Jaresko also said a significant number of banks, accounting firms and law firms involved in bond issuances that violated constitutional limits signed tolling agreements to delay the statute of limitations the government had to claims against them.

The tolling agreements required the board to keep the names of these firms confidential until an adversary proceeding was filed against them. However, they may never be sued nor their names revealed.

Lawyers for the Special Claims Committee said at an omnibus hearing April 24 that they were going to sue 27 underwriters, nine law firms and five accounting firms for their role in debt that may have been issued in contravention of debt limits in the Constitution. The lawyers said their names would be revealed.

A week later, the board filed three sets of lawsuits on behalf of the commonwealth before a May 3 statute of limitations deadline for avoidance actions, which are those filed on behalf the debtor to bring back assets transferred illegally or fraudulently.

The first set of lawsuits was filed against third-party vendors seeking the return of so-called fraudulent transfers for vendors that got paid by the government $2.5 million or more. A fraudulent transfer may not mean actual fraud, it is a payment made for which Puerto Rico did not receive “reasonably equivalent value” in exchange or money the government spent knowing it was insolvent. The suits seek about $4 billion from more than 250 vendors.

A second set of lawsuits was filed to recover more than $1 billion from holders of bonds issued in excess of Puerto Rico’s constitutional debt limit.

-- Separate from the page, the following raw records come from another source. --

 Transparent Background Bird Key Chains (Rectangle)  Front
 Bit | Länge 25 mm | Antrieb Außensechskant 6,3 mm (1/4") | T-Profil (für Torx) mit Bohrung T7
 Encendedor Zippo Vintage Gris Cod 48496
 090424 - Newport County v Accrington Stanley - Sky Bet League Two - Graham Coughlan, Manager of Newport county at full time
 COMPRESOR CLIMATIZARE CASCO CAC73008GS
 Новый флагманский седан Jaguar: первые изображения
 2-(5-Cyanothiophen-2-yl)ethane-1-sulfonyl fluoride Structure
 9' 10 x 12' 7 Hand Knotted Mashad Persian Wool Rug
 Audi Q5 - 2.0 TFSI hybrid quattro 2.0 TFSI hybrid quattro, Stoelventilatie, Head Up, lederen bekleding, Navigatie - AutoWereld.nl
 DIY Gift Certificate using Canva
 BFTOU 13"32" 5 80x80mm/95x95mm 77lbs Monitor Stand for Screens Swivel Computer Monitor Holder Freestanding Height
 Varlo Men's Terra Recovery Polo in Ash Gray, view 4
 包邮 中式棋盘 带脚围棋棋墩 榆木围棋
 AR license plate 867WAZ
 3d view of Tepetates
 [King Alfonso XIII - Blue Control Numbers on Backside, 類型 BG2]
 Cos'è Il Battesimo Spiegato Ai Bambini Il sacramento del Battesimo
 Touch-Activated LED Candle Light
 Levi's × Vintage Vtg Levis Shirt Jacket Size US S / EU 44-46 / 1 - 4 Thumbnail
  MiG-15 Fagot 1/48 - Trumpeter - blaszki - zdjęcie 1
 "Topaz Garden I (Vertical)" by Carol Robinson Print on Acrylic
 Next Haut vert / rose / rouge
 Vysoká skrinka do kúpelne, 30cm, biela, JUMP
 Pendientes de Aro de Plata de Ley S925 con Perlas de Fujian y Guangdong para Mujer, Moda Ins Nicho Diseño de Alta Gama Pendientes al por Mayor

A third set of lawsuits was filed against firms and advisers that helped with the issuance of the bonds that were underwritten in contravention of the law. The suits are part of allegations that $6 billion in general obligation bonds issued in 2012 and 2014 violated the constitutional limits.

However, the board failed to sue many accounting firms and banks implicated in the illegal issuance of bonds.

When asked, Jaresko said the entities were given an opportunity to sign a tolling agreement to give the board and counterparty time to attempt to consensually resolve the issues.

As part of the court-approved tolling agreements between the Special Claims Committee and the Unsecured Creditors Committee, the commonwealth agreed to keep the names of the potential defendants confidential pending the filing of an adversary proceeding.